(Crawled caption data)
»»

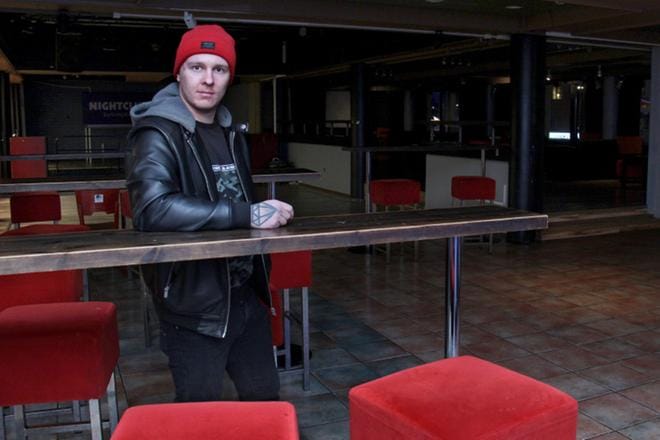 – Olemme saaneet tiukassa tilanteessamme lisämaksuaikaa vuokraamme. Siitä ei ole kuitenkaan oikein avuksi, sillä se vain siirtää ongelmiamme eteenpäin. Joillakin paikkakunnilla ravintolat ovat saaneet vuokriaan jopa anteeksi riippumatta siitä, toimivatko ne kaupungin tai yksityisen omistamissa tiloissa, toteaa Kauhavalla sijaitsevan Hotel & Nightclub Susihukka Oy:n toimitusjohtaja Jarkko Orava. KUVA: MIA KÄRKKÄINEN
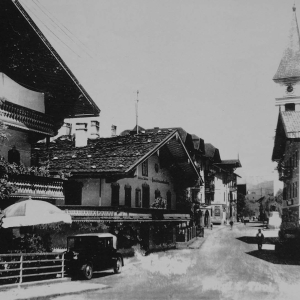 Ca. 1943 Brücke über den Wörgler Bach, Beginn der Innsbrucker Straße, Gasthof und Metzgerei Waltl - Aufinger, Bäckerei Mitterer, Gasthof Alte Post, Haus des Alois Mayr, Kirchturm, Gasthof Volland, Geschäft Franz Danek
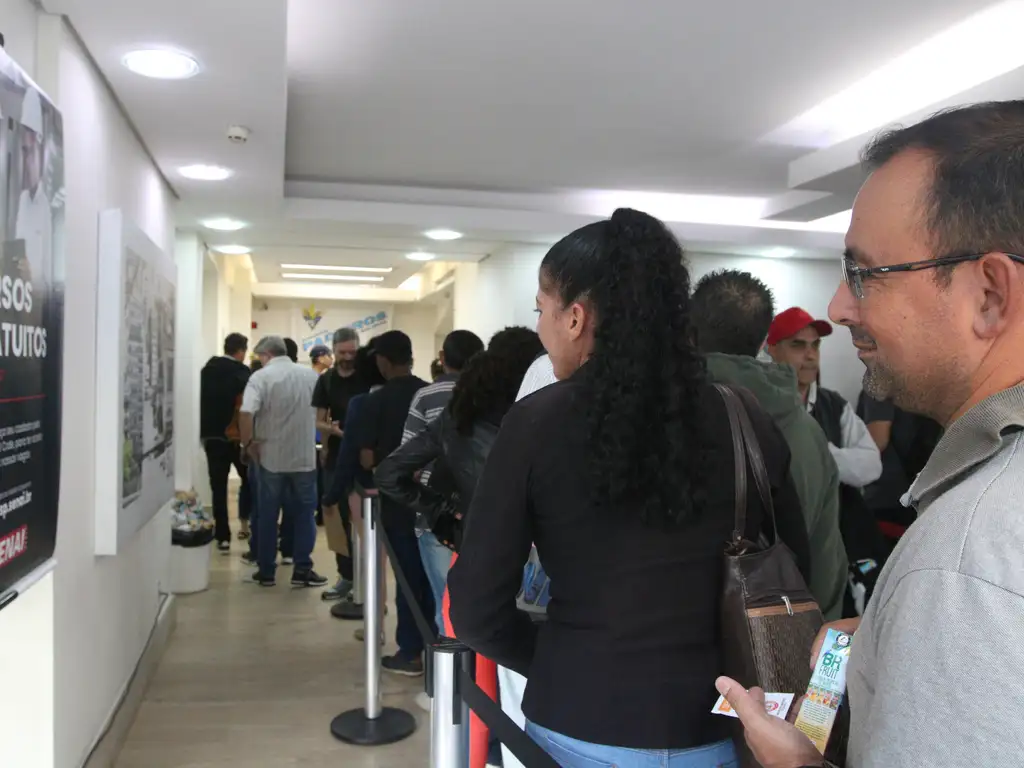 Três em cada dez MEIs abertas são de trabalhadores que tinham carteira assinada Três em cada dez MEIs abertas são de trabalhadores que tinham carteira assinada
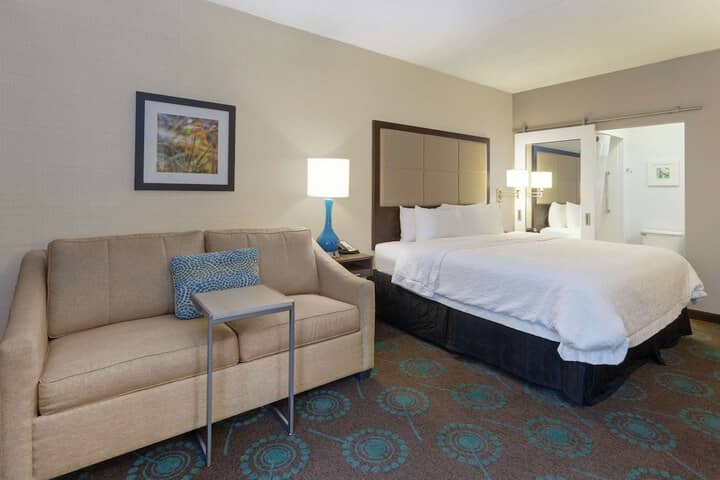 Room 32 of 68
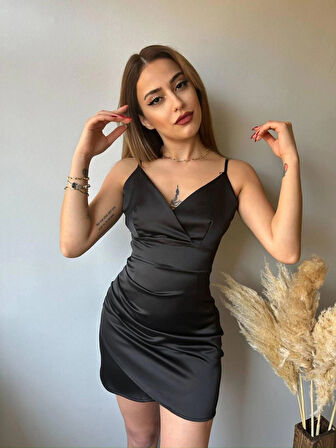 İNCE ASKILI SATEN SİYAH ELBİSE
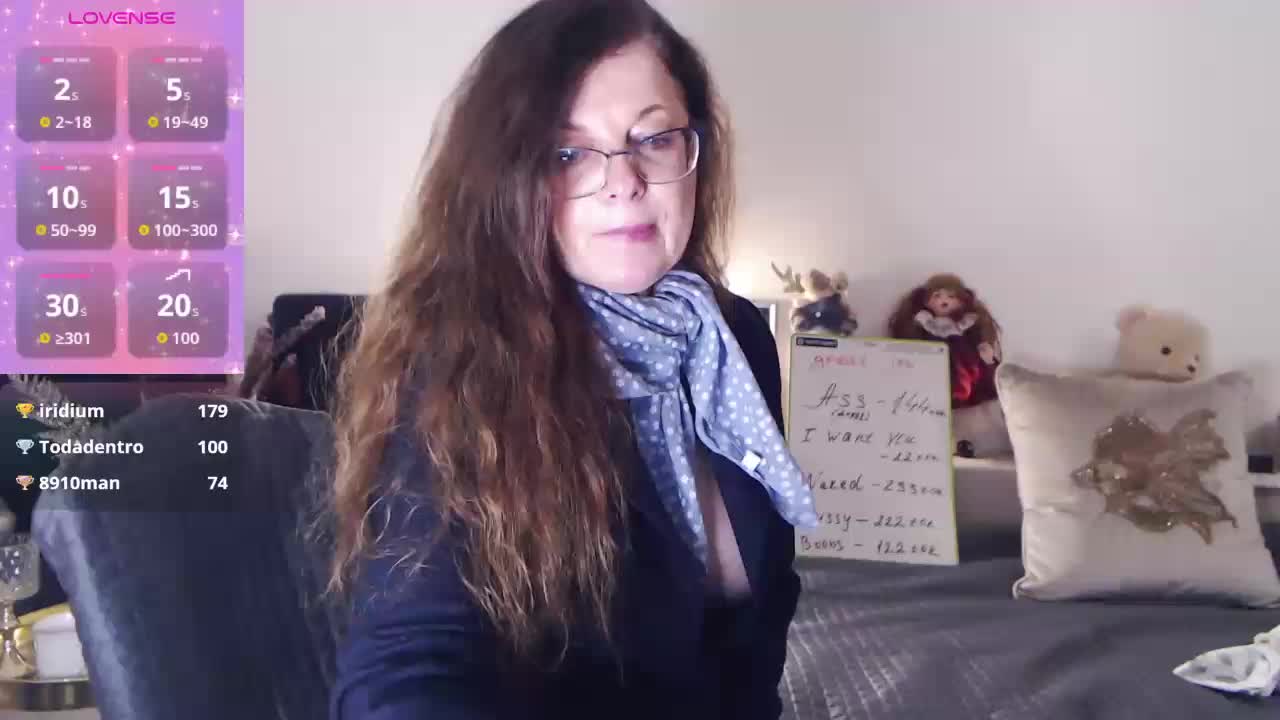 HelenBerg Adult Chat November 26, 2025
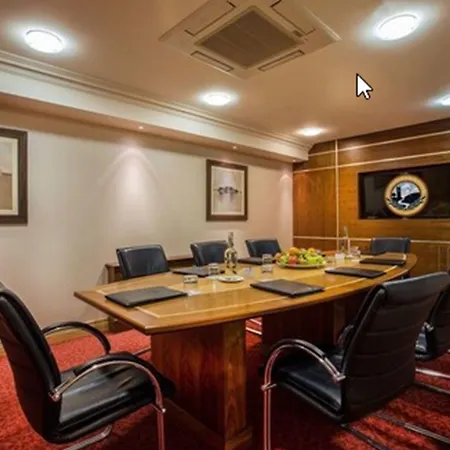 Hotel Knightsbrook & Golf 4*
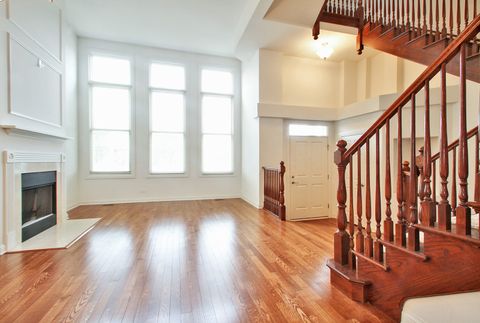 Tiny photo for 1891 Admiral Court #79, Glenview, IL 60026 (MLS # 12517571)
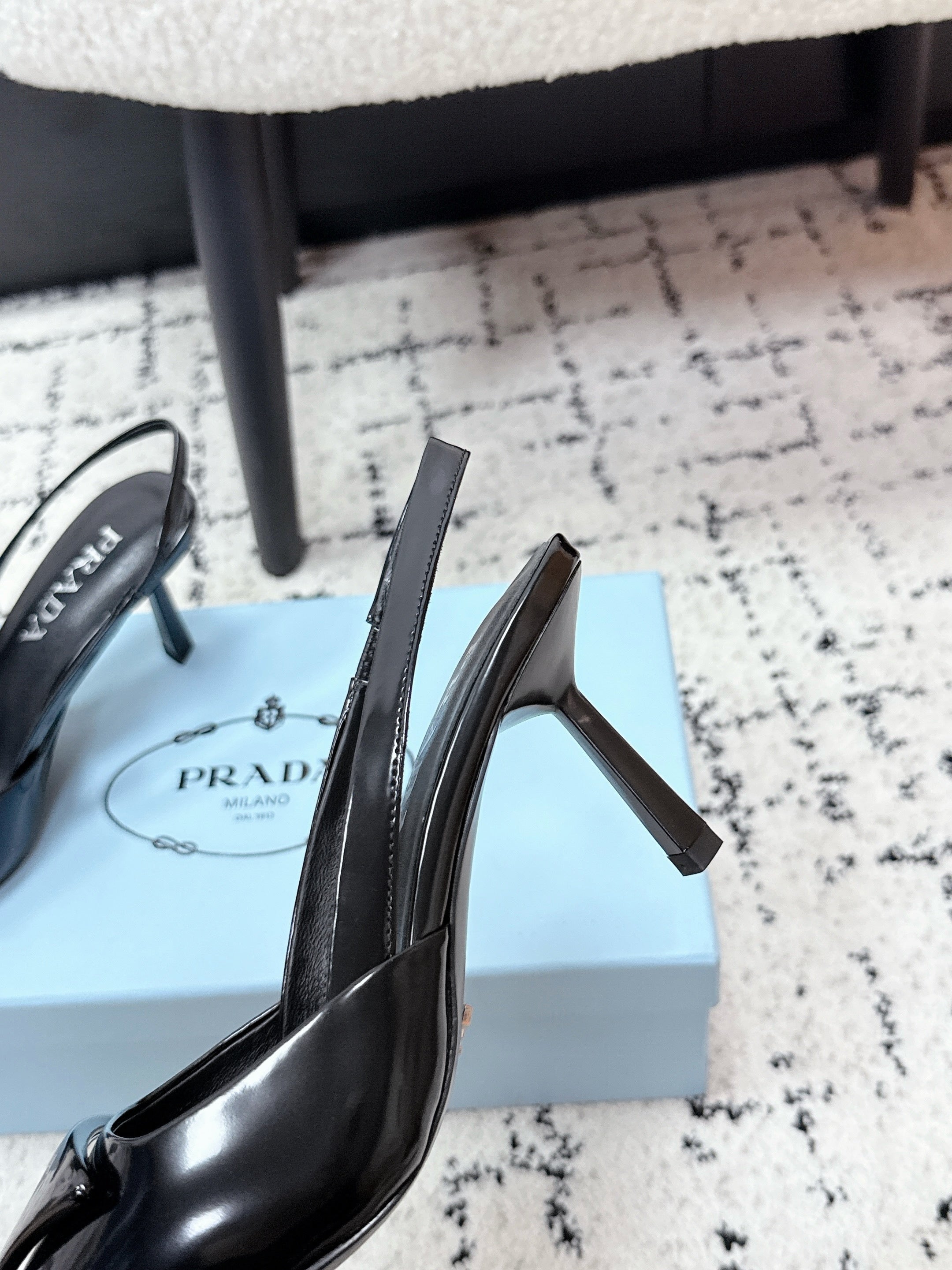 Prada 2026 Logo-Plaque Slingback Pumps 75mm Leather 769775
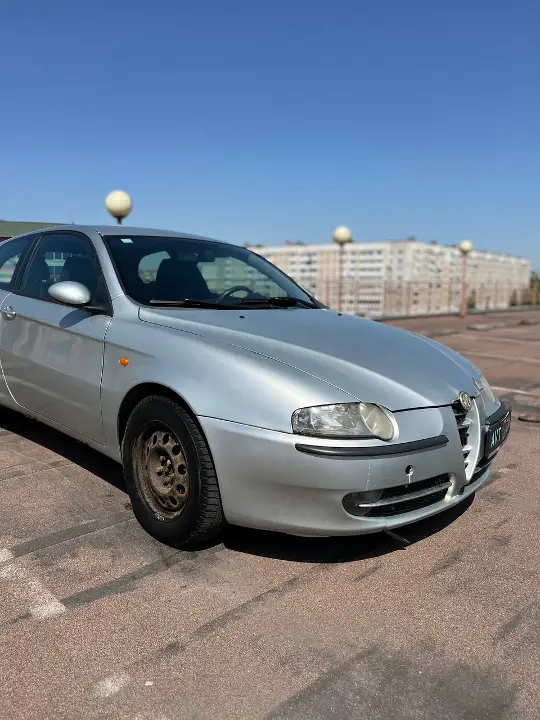 Alfa Romeo 147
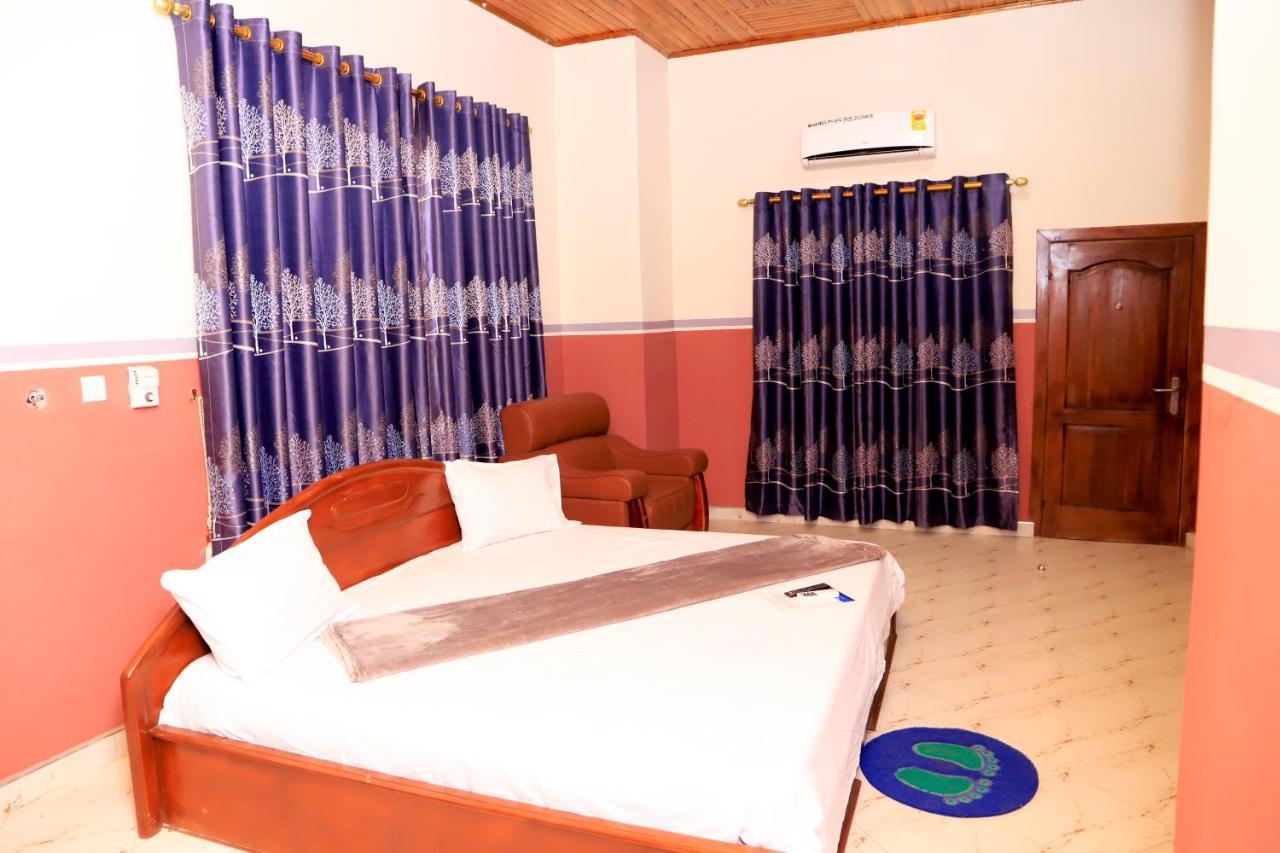 Osaah Bema Lodge Antoa Екстер'єр фото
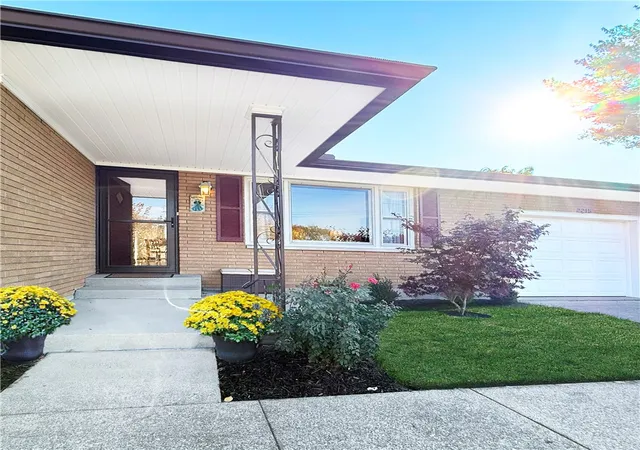Photo 3 of Single family home for sale at 2215 Wellington Rd, Middletown, OH 45044 | MLS# 954649 | Listing updated on 2026-03-29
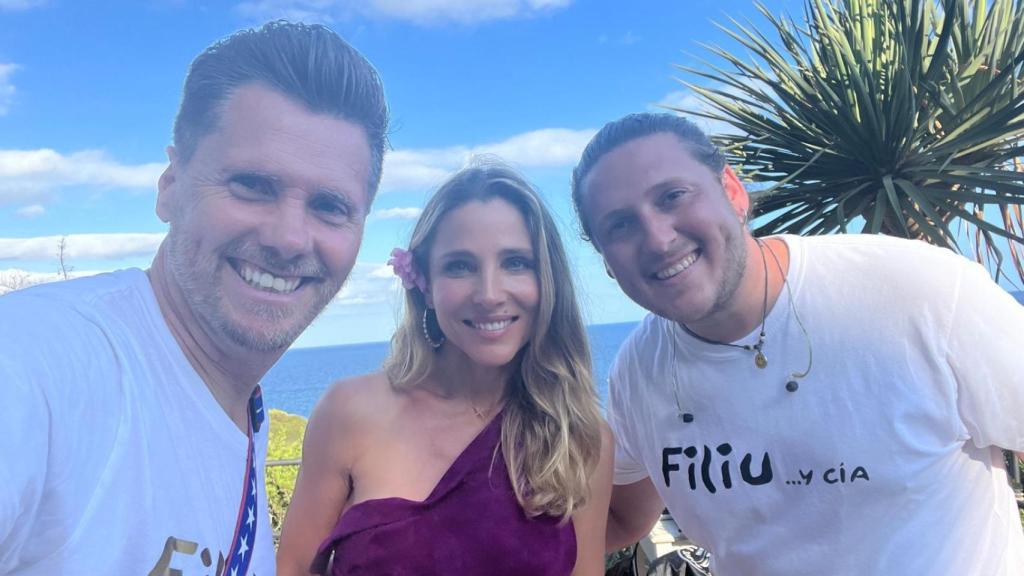 El artista Filiu (i) y su percusionista y corista Julio Segura (d) posan con la actriz Elsa Pataky, durante una actuación en 2022 en Barcelona,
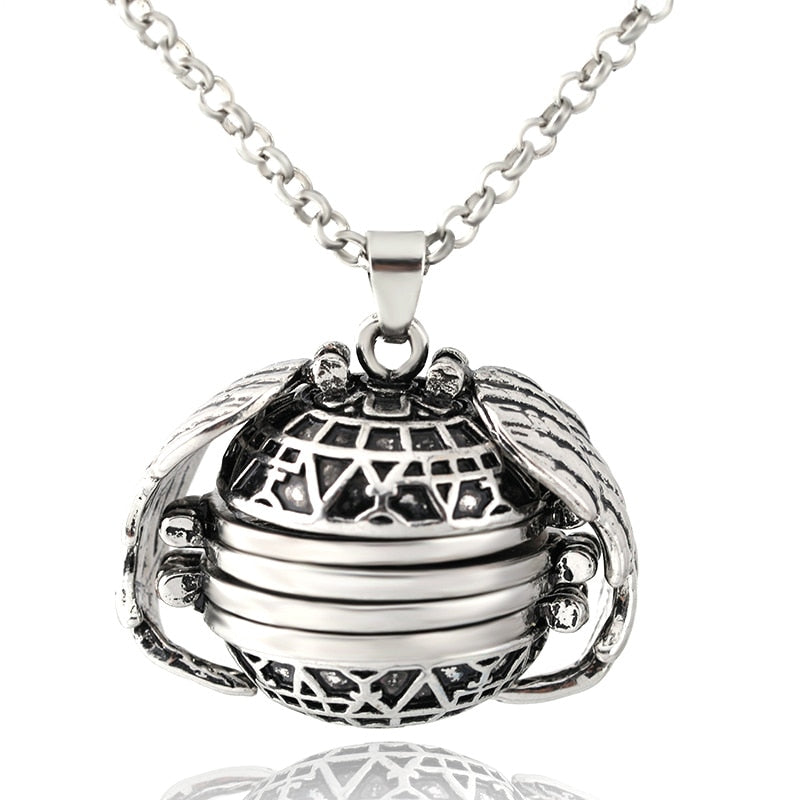 Vintage Wing Shaped Picture Pendant Necklace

««

** ACTIVITY **
Nothing but the lines from the one holding "Osaah Bema Lodge Antoa Екстер'єр фото" through the last line of the entries should be written out, exactly and inclusively, minus the pictures.

** COMPLETED TASK **
 Osaah Bema Lodge Antoa Екстер'єр фото
Photo 3 of Single family home for sale at 2215 Wellington Rd, Middletown, OH 45044 | MLS# 954649 | Listing updated on 2026-03-29
 El artista Filiu (i) y su percusionista y corista Julio Segura (d) posan con la actriz Elsa Pataky, durante una actuación en 2022 en Barcelona,
 Vintage Wing Shaped Picture Pendant Necklace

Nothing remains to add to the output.